%%
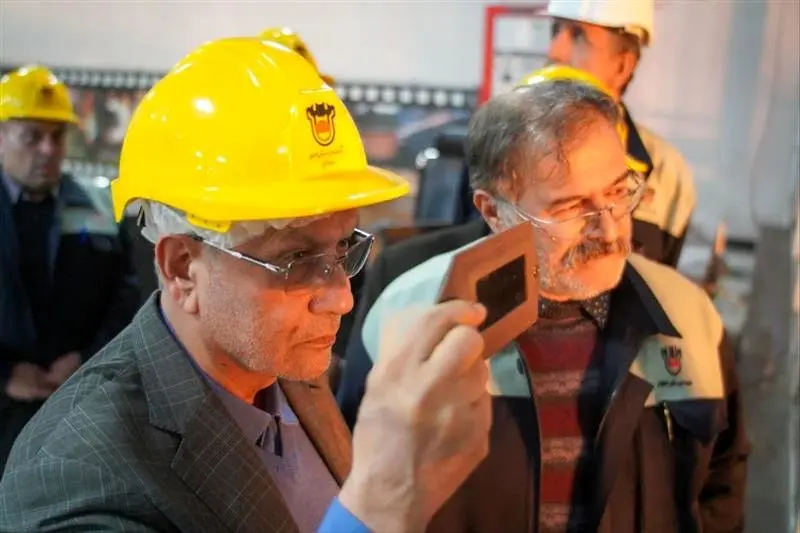 بازدید دستیار اجتماعی رییسجمهور از ذوبآهن اصفهان؛ نماد صنعت فولاد ایران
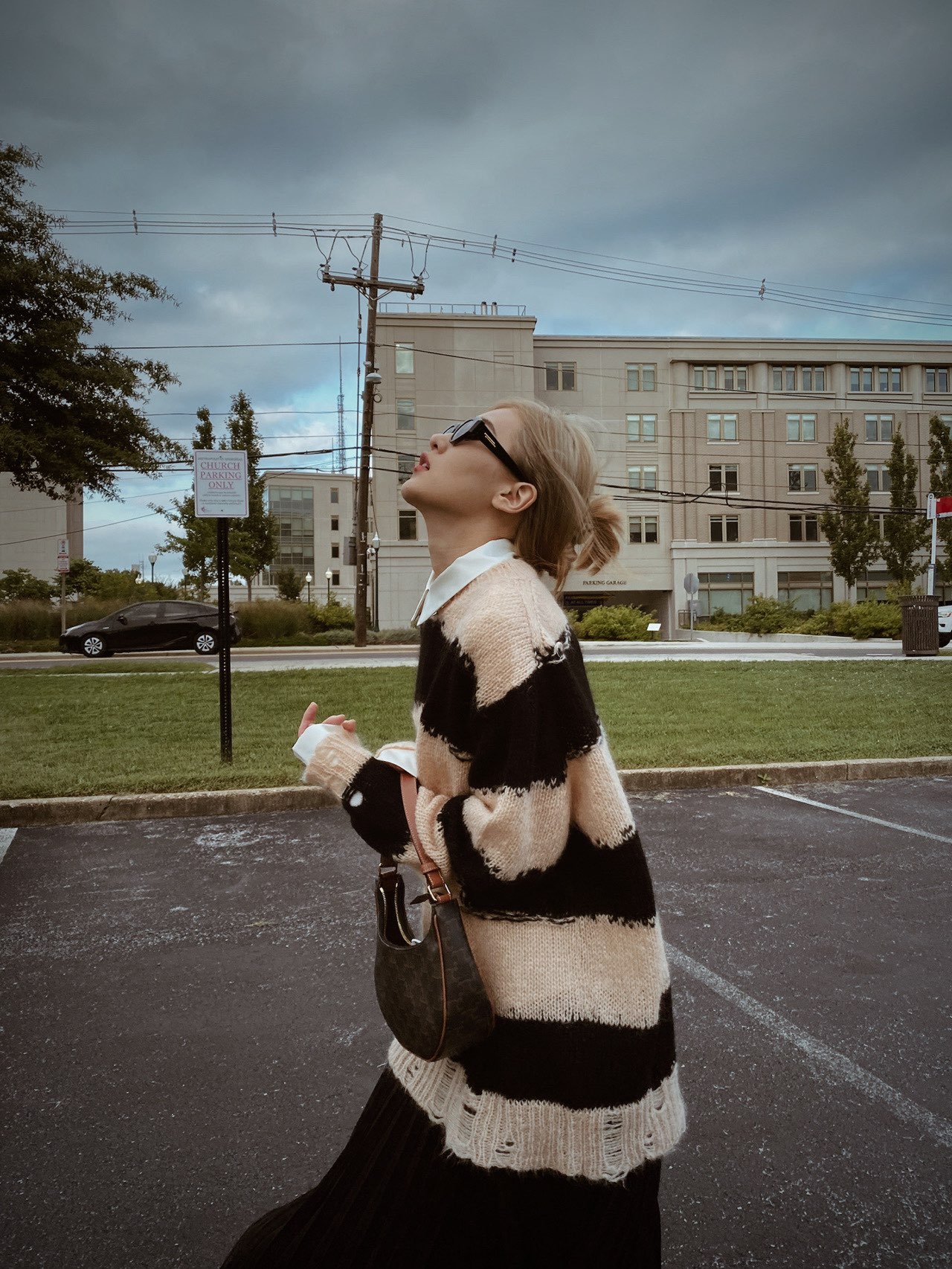 CELINE AVA 老花Ttiomphe腋下包 193952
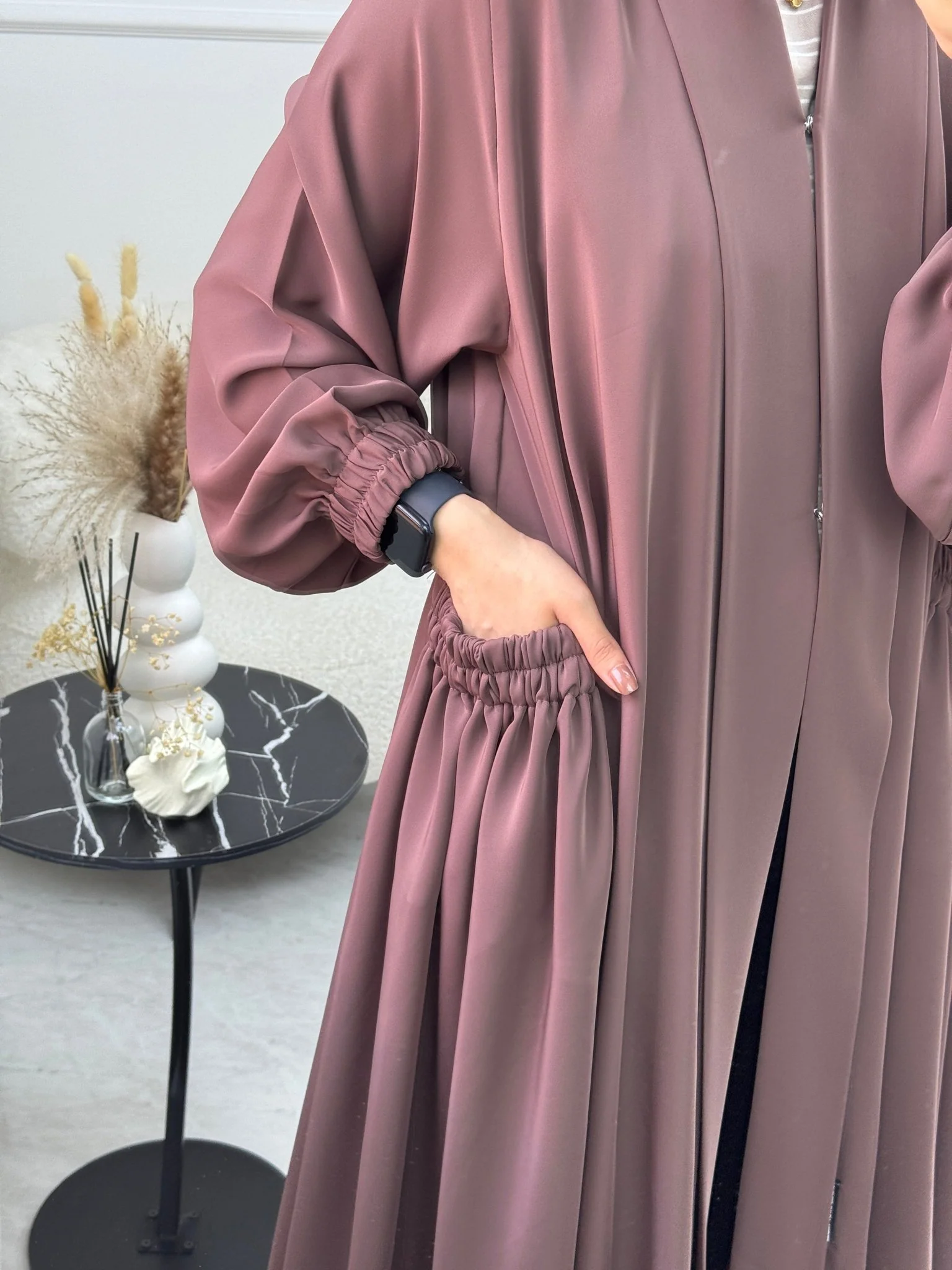 C 1092 Brown Abaya - Image 2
%%
(PROBLEM) Output the material above exactly as written and drop any images it holds.

(OUTPUT)
 بازدید دستیار اجتماعی رییسجمهور از ذوبآهن اصفهان؛ نماد صنعت فولاد ایران
 CELINE AVA 老花Ttiomphe腋下包 193952
 C 1092 Brown Abaya - Image 2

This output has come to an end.